À travers la foule, circulèrent tout de suite et coururent, avec un vacarme pareil à celui de la mer par mauvais temps, toute sorte de rumeurs et de racontars.
– De quel sorcier s’agit-il donc ? demandaient blancs-becs et novices.
– Ceci nous présage un malheur, disaient les anciens en hochant la tête.
Et partout, dans le vaste clos du capitaine, des groupes se formèrent pour écouter l’histoire du fameux sorcier. Mais chacun, ou presque, racontait la chose à sa façon, et sans doute personne n’était à même de donner à ce sujet quelque précision.
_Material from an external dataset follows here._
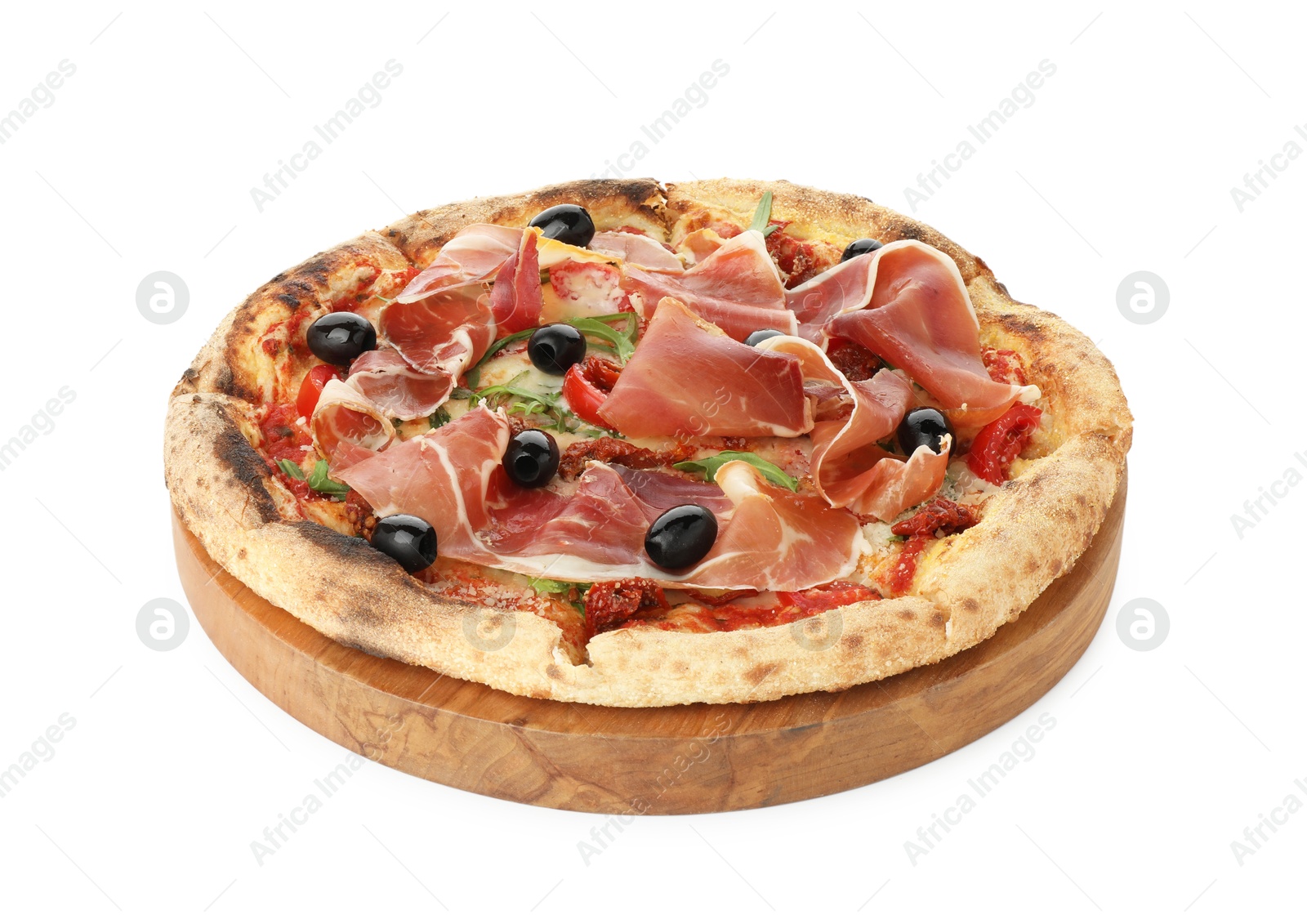 Photo of Tasty pizza with cured ham, olives and tomato isolated on white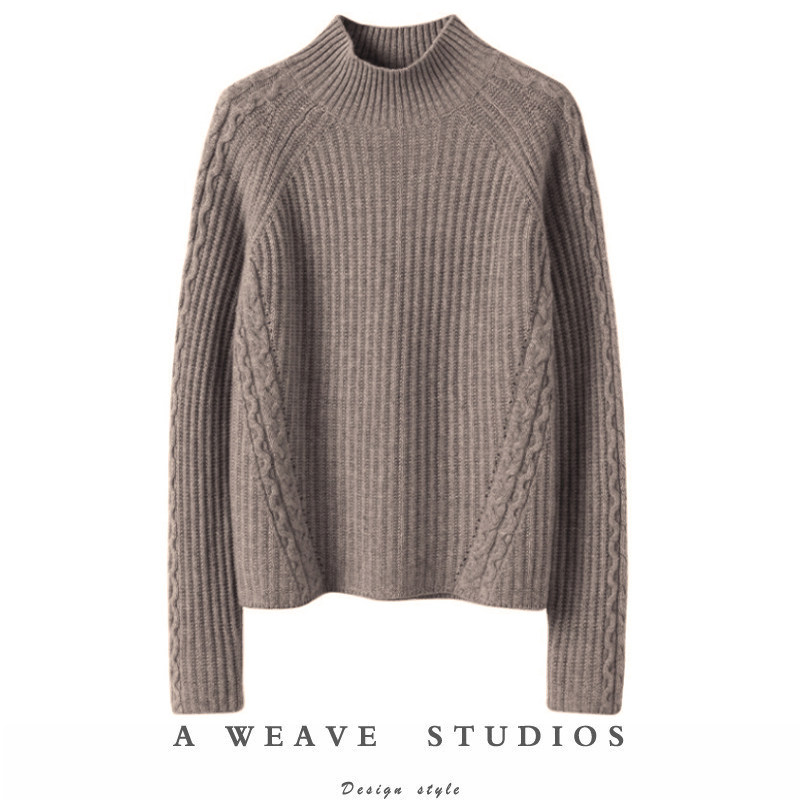 低调有品又好穿~加厚羊绒衫女100纯山羊绒半高领宽松纯羊绒毛衣,女装/女士精品,羊绒衫,淘宝优惠券,粉丝福利购,淘宝优惠卷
On roula dans la cour un tonneau d’hydromel, et l’on apporta force cruches de vin de Grèce. Tout fut de nouveau aux réjouissances ; les musiciens préludèrent brusquement et la danse emporta dans son tourbillon jouvencelles, jeunes femmes mariées, et fringants Cosaques en justaucorps de couleur vive. Des bonshommes de quatre-vingt-dix ans, et même des centenaires qui avaient bu un coup de trop entrèrent aussi dans la ronde ; ce n’était pas impunément qu’ils venaient d’évoquer les années de leur verte jeunesse. On festoya très tard dans la nuit, et à tout casser, comme on ne le fait plus de nos jours. Les invités commencèrent alors à prendre congé, mais peu nombreux furent ceux qui retournèrent chez eux ; la plupart restèrent pour passer la nuit, étendus à la belle étoile dans l’immense cour du capitaine, et il y eut encore beaucoup plus de Cosaques qui s’assoupirent soudainement, sans plus ample cérémonie, sous les bancs, à même le sol, ou le long de leur cheval, près de l’écurie ; là enfin où ces gaillards avaient senti leur tête céder au vertige de la boisson, ils gisaient et ronflaient à se faire entendre des quatre coins de la ville de Kiev.
7 Vieux mot qui signifiait, gai, joyeux, et qui n’est plus usité que dans cette phrase familière, Faire chère lie, Faire bonne chère avec gaieté. (Note du correcteur – ELG.)